The Lion Courtyard by the Prague Castle used to be a place, where rulers kept their wild animals, usually gained as presents from foreign rulers. People could see there lions, leopards or tigers, especially in the 16 th century. Nowadays, there is a café and a pleasant restaurant, where you can taste some gourmet specialities from the era of Emperor Rudolph II.
The Lion Courtyard, also rarely called the Bear Courtyard, is situated in the northern part of the Prague Castle area, near the Powder Bridge. There used to be a wooden pavilion for wild animals probably already in the first half of the 16 th century. It was replaced by Renaissance buildings surrounding the court, built by architect Ulrico Aostallis between 1581 and 1583. There was a gallery for the audience around the court.
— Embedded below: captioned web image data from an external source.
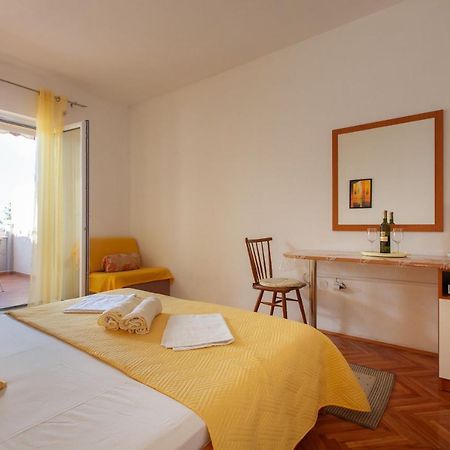 Vila Nives Hotel Podgora Luaran gambar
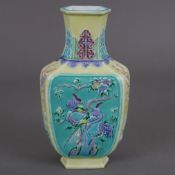 Vase mit reliefiertem Dekor - China, Porzellan, polychrome Bemalung in Pastelltönen, mannigfaltiger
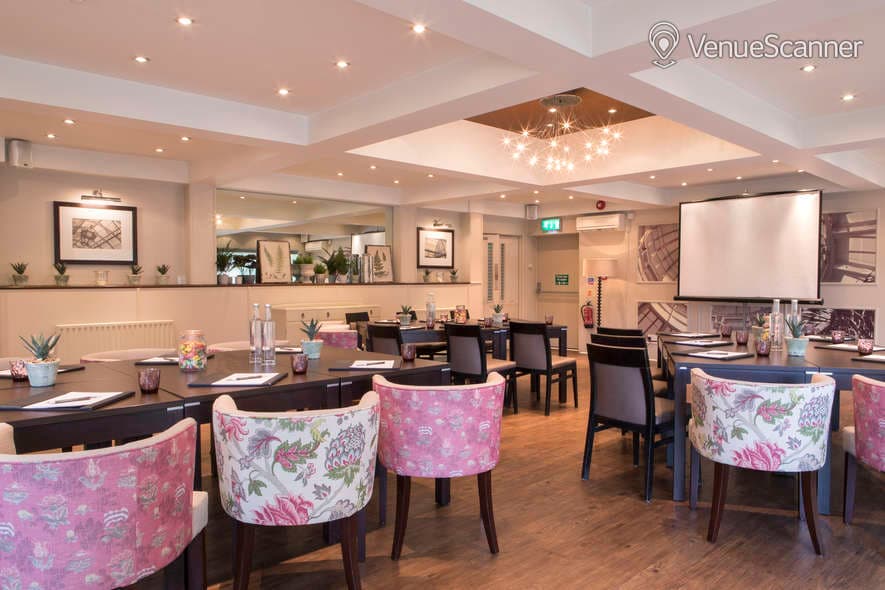 Forest Lodge Hotel, Glasshouse photo #3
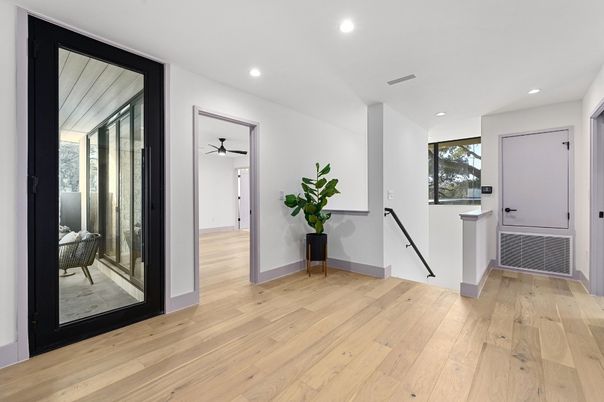 Interior, Recessed Lighting, Wood Texture Flooring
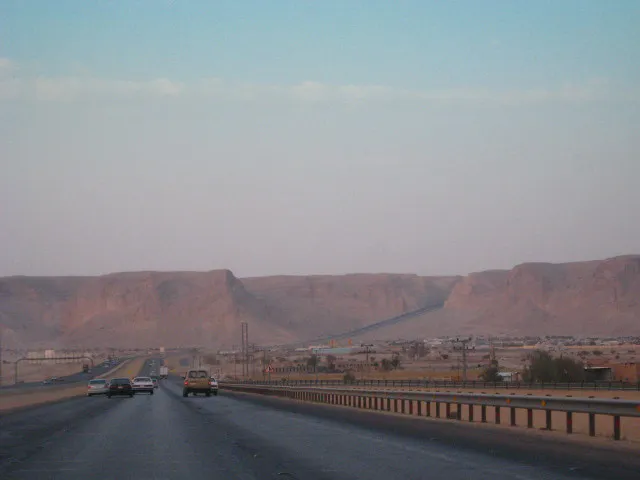 Safety Infrastructure Along the Route (Andrew_Shenouda, Flickr, CC BY 2.0)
Emperor Rudolph II. and Lion Courtyard
Emperor Rudolph II. kept there for example leopards from Russian tsar Fjodor I. or a tiger from the Duke of Florence Ferdinand Medici. Also lions, orangutans, and other animals could be seen here in the second half of the 16 th century. Behind the Lion Courtyard there was a fruit trees grove with parrots tied to branches by little golden chains.
The emperor´s favourite animal was lion Mohamed, a gift from Turkish sultan. The astronomer Tycho de Brahe foretold, that the lion will have the same destiny as the emperor himself, because there was the same stars constellation when they were born. Rudolph II. really died only several days after the lion´s death.
Restaurant Lion Courtyard
There were less and less animals since the end of the 17 th century, and the last bear was took away in 1740. The building became an alehouse in the 18 th century and since 1970s there is a nice restaurant with a garden built at the place of the former animals yard. The Lion Courtyard was restored in 1990s.
Ghost story of the Lion Courtyard
There is a ghost story connected to the Lion Courtyard. It is said, that a pilgrim once died in the Deer Moat around the Prague Castle. The person who used to feed the lions threw his corpse to the animals, instead of burying him. The pilgrim´s restless ghost reportedly walks around the Lion Court even nowadays. The mutilated ghost has never hurt anybody, but his searching look in the passing people´s faces is said to be dreadful.